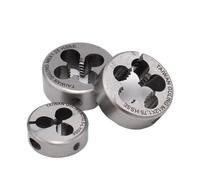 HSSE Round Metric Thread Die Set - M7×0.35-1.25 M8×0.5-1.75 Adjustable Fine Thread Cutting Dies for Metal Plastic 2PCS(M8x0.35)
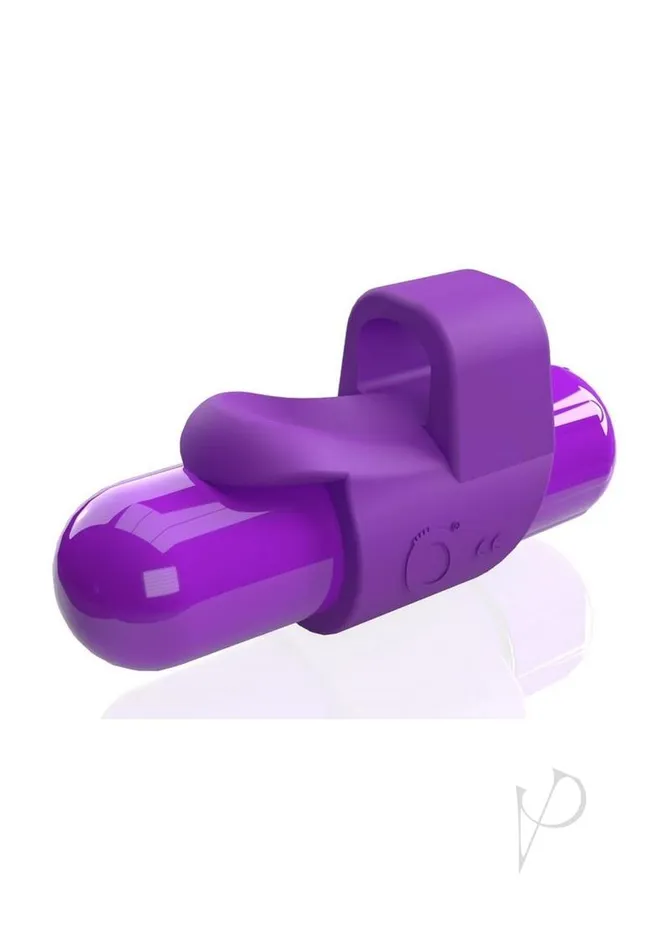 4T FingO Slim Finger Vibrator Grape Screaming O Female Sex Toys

---

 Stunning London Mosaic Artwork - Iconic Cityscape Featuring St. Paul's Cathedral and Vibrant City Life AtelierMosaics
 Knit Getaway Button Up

• TO DO:
Return the stretch of data that begins with the line showing "HSSE Round Metric" and goes on through the line showing "4T FingO Slim", exactly, with pictures removed.

• RESPONSE BELOW:
 HSSE Round Metric Thread Die Set - M7×0.35-1.25 M8×0.5-1.75 Adjustable Fine Thread Cutting Dies for Metal Plastic 2PCS(M8x0.35)
 4T FingO Slim Finger Vibrator Grape Screaming O Female Sex Toys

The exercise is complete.